## [Source data]
---

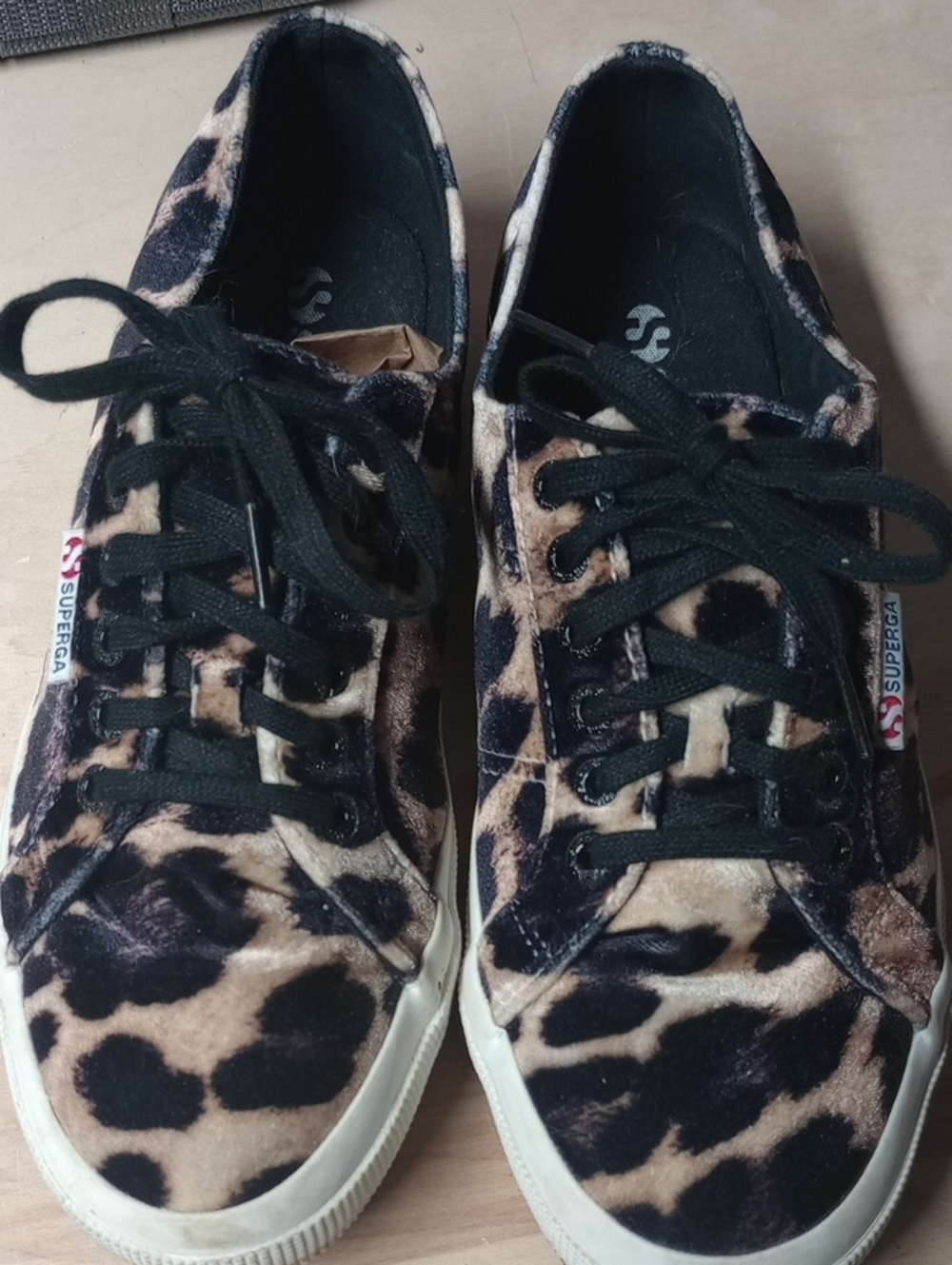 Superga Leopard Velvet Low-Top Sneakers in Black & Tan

---

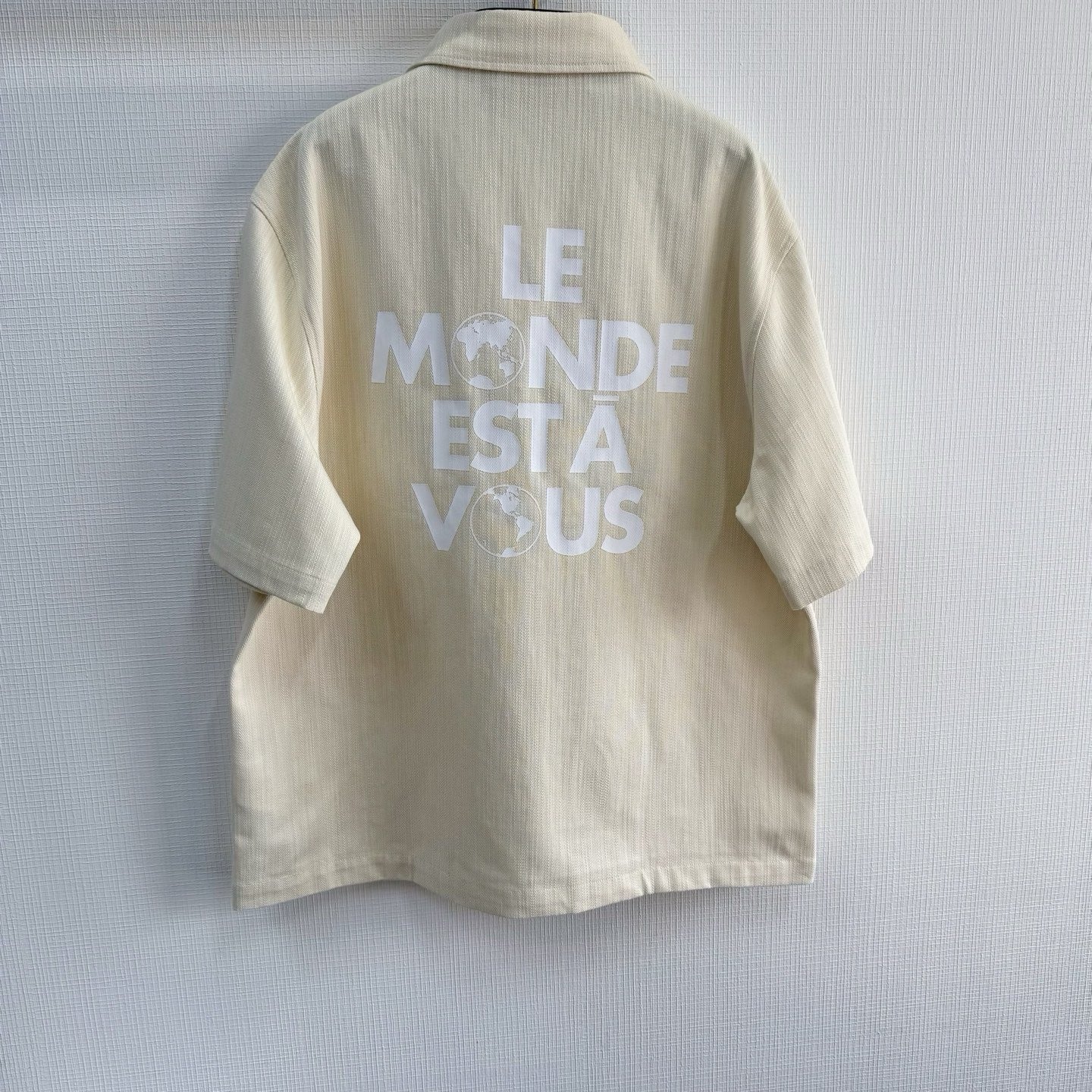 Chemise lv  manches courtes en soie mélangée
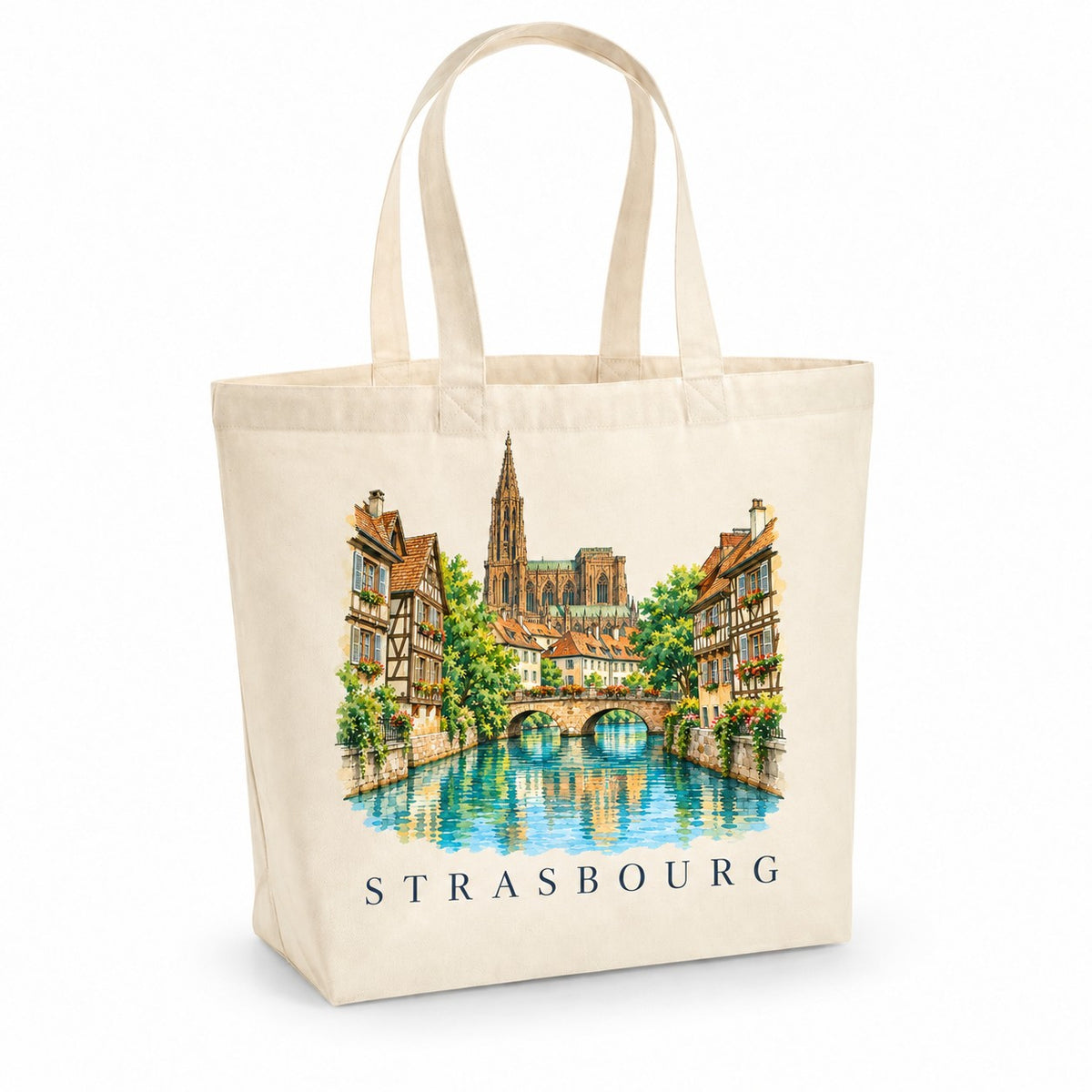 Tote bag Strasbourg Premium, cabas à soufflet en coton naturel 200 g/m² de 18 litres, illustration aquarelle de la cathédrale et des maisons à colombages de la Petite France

---

## [What the task asks]
Transcribe, from the material above, the stretch starting at the line with "en soie mélangée" and ending at the line with "Tote bag Strasbourg", both included, exactly. Do not carry over pictures.

## [Your solution]
 Chemise lv  manches courtes en soie mélangée
 Tote bag Strasbourg Premium, cabas à soufflet en coton naturel 200 g/m² de 18 litres, illustration aquarelle de la cathédrale et des maisons à colombages de la Petite France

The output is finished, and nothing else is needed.